§ TASK OBJECTIVE: Leaving out the pictures, output each record exactly as it stands.

§ EXTRACTED ENTRIES:
============================================================

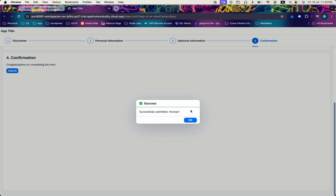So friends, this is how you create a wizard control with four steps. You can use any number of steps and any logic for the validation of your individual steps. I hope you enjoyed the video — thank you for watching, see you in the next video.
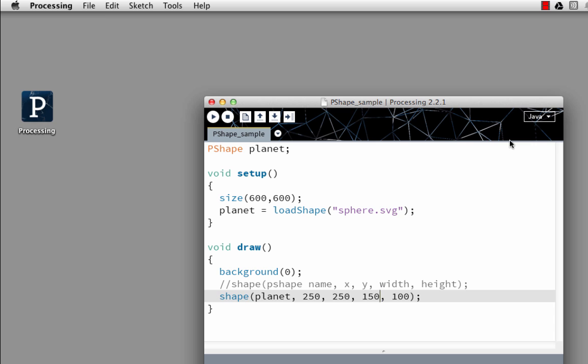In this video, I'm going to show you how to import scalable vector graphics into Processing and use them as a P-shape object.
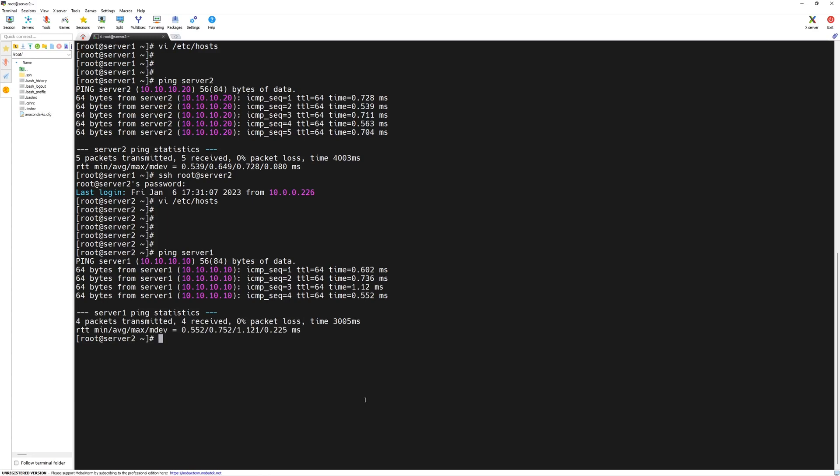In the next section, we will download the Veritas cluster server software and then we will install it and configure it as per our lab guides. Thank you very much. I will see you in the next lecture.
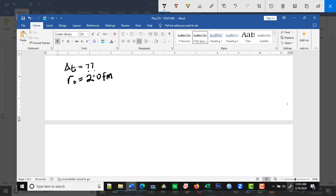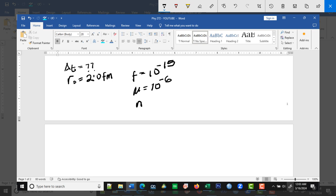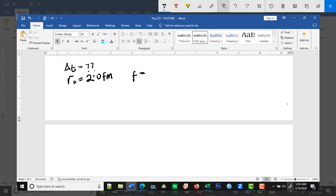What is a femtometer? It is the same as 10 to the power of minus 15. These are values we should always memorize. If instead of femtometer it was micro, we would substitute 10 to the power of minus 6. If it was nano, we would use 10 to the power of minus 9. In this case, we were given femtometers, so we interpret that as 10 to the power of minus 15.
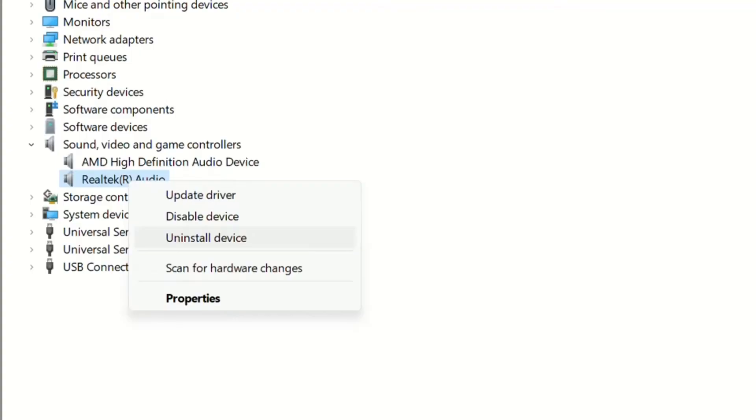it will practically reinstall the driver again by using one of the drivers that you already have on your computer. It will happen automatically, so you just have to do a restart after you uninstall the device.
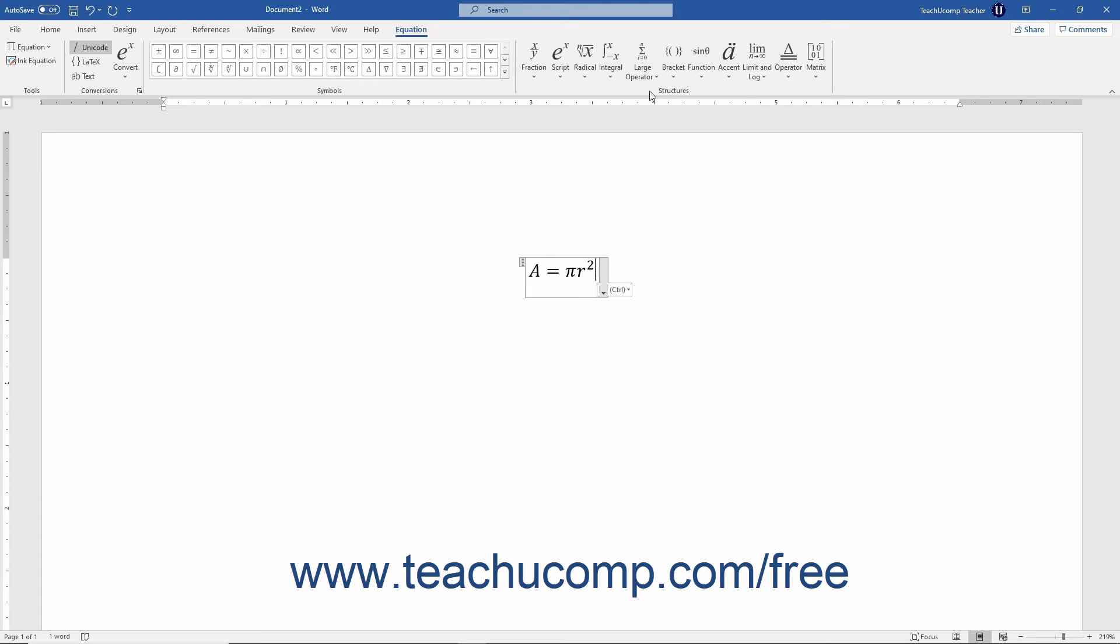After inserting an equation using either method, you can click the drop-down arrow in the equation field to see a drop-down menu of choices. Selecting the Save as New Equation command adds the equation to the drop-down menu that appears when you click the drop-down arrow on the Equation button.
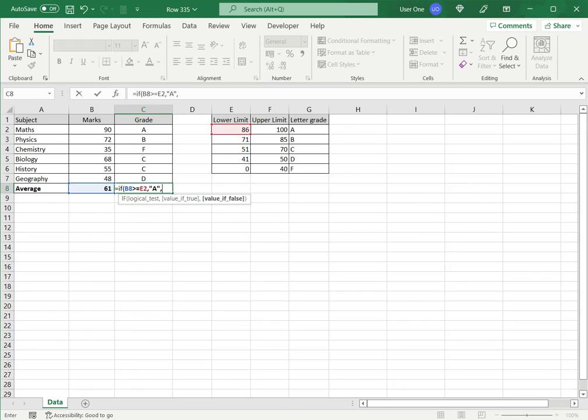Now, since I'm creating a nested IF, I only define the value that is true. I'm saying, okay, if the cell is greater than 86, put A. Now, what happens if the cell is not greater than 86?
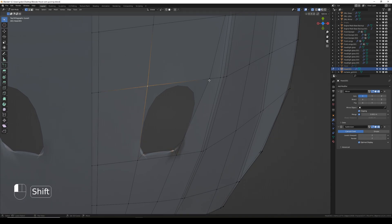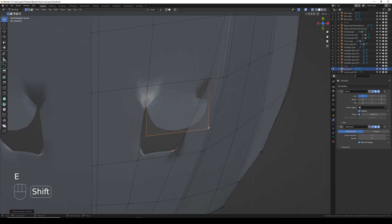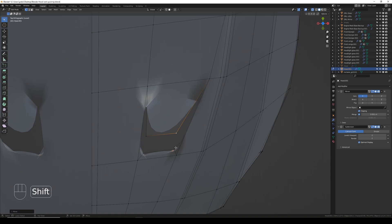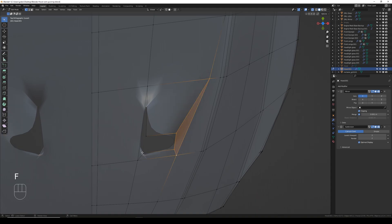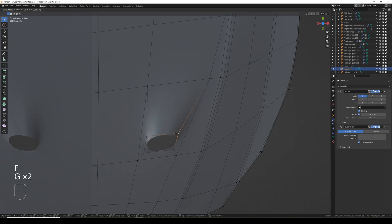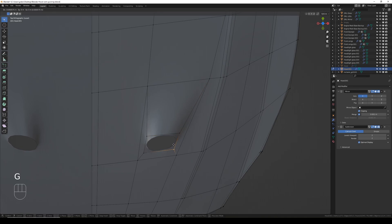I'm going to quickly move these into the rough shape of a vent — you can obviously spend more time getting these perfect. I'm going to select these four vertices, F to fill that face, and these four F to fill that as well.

============================================================

§ TASK SOLUTION:
So friends, this is how you create a wizard control with four steps. You can use any number of steps and any logic for the validation of your individual steps. I hope you enjoyed the video — thank you for watching, see you in the next video.
In this video, I'm going to show you how to import scalable vector graphics into Processing and use them as a P-shape object.
In the next section, we will download the Veritas cluster server software and then we will install it and configure it as per our lab guides. Thank you very much. I will see you in the next lecture.
What is a femtometer? It is the same as 10 to the power of minus 15. These are values we should always memorize. If instead of femtometer it was micro, we would substitute 10 to the power of minus 6. If it was nano, we would use 10 to the power of minus 9. In this case, we were given femtometers, so we interpret that as 10 to the power of minus 15.
it will practically reinstall the driver again by using one of the drivers that you already have on your computer. It will happen automatically, so you just have to do a restart after you uninstall the device.
After inserting an equation using either method, you can click the drop-down arrow in the equation field to see a drop-down menu of choices. Selecting the Save as New Equation command adds the equation to the drop-down menu that appears when you click the drop-down arrow on the Equation button.
Now, since I'm creating a nested IF, I only define the value that is true. I'm saying, okay, if the cell is greater than 86, put A. Now, what happens if the cell is not greater than 86?
I'm going to quickly move these into the rough shape of a vent — you can obviously spend more time getting these perfect. I'm going to select these four vertices, F to fill that face, and these four F to fill that as well.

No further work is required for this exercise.